作者:Mario Beraha,Daniele Falco,Alessandra Guglielmi 机构:Department of Mathematics, Politecnico di Milano, Department of Computer Science, Universita di Bologna 链接:https://arxiv.org/abs/2107.09357 摘要:这项工作的目的是比较三种流行的软件平台JAGS、NIMBLE和Stan的性能。这些概率编程语言能够使用MCMC算法,从贝叶斯模型的规范(即似然和先验)开始,从兴趣的后验分布自动生成样本。最终目标是向统计学家或应用科学家详细分析他们的长处和短处。通过这种方式,我们希望能够帮助他们充分了解这个软件的优点和缺点。我们在广泛的模型、先验分布和数据生成机制上对这三个平台进行了系统的比较。我们广泛的模拟研究评估了所生产的MCMC链的质量、软件的效率和输出的拟合优度。我们还考虑了由三个平台进行并行化的效率。 摘要:The aim of this work is the comparison of the performance of the three popular software platforms JAGS, NIMBLE and Stan. These probabilistic programming languages are able to automatically generate samples from the posterior distribution of interest using MCMC algorithms, starting from the specification of a Bayesian model, i.e. the likelihood and the prior. The final goal is to present a detailed analysis of their strengths and weaknesses to statisticians or applied scientists. In this way, we wish to contribute to make them fully aware of the pros and cons of this software. We carry out a systematic comparison of the three platforms on a wide class of models, prior distributions, and data generating mechanisms. Our extensive simulation studies evaluate the quality of the MCMC chains produced, the efficiency of the software and the goodness of fit of the output. We also consider the efficiency of the parallelization made by the three platforms.

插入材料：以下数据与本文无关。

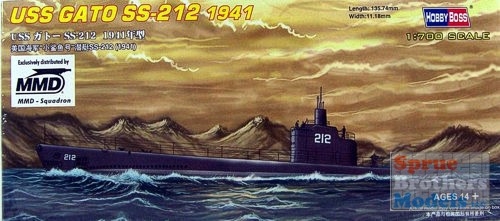 RC Radiostyrt Byggmodell ubåt - USS GATO SS-212 1941 -1:700 - HobbyBoss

【16】 Record-Based Transmuted Generalized Linear Exponential Distribution with Increasing, Decreasing and Bathtub Shaped Failure Rates 标题:基于记录的递增、递减和浴缸形故障率的变形广义线性指数分布

作者:M. Arshad,M. Khetan,V. Kumar,A. K. Pathak 机构: 1 and Ashok Kumar PathakeaDepartment of Mathematics, Indian Institute of Technology Indore, bDepartment of Statistics and Operations Research, Aligarh Muslim University, cDepartment of Mathematics, Amity University Mumbai, dDepartment of Mathematics 备注:29 pages, 5 figures, 9 tables 链接:https://arxiv.org/abs/2107.09316 摘要:线性指数分布是指数分布和瑞利分布的推广。这种分布是拟合失效率(IFR)不断增加的数据的最佳模型之一。但对于失效率降低(DFR)和浴缸型失效率(BTFR)的建模数据,它并不能提供合理的拟合。为了克服这个缺点,我们利用Balakrishnan和He(2021)的技术提出了一种新的基于记录的广义线性指数(RTGLE)分布。RTGLE分布族对IFR、DFR和BTFR数据集的拟合更为灵活,同时也推广了一些著名的模型和一些新的基于记录的变形模型。本文旨在研究概率分布的统计性质,如概率密度函数和危险函数的形状,分位数函数及其应用,矩及其母函数,次序和记录统计量,Renyi熵。构造了未知参数的极大似然估计、最小二乘和加权最小二乘估计、Anderson-Darling估计、Cramer-von-Mises估计,并通过montecarlo模拟研究了它们的偏差和均方误差。最后,基于失效时间的实际数据集验证了该分布的拟合优度和适用性;因此,提出了适当的建议。 摘要:The linear exponential distribution is a generalization of the exponential and Rayleigh distributions. This distribution is one of the best models to fit data with increasing failure rate (IFR). But it does not provide a reasonable fit for modeling data with decreasing failure rate (DFR) and bathtub shaped failure rate (BTFR). To overcome this drawback, we propose a new record-based transmuted generalized linear exponential (RTGLE) distribution by using the technique of Balakrishnan and He (2021). The family of RTGLE distributions is more flexible to fit the data sets with IFR, DFR, and BTFR, and also generalizes several well-known models as well as some new record-based transmuted models. This paper aims to study the statistical properties of RTGLE distribution, like, the shape of the probability density function and hazard function, quantile function and its applications, moments and its generating function, order and record statistics, Renyi entropy. The maximum likelihood estimators, least squares and weighted least squares estimators, Anderson-Darling estimators, Cramer-von Mises estimators of the unknown parameters are constructed and their biases and mean squared errors are reported via Monte Carlo simulation study. Finally, the real data set based on failure time illustrates the goodness of fit and applicability of the proposed distribution; hence, suitable recommendations are forwarded.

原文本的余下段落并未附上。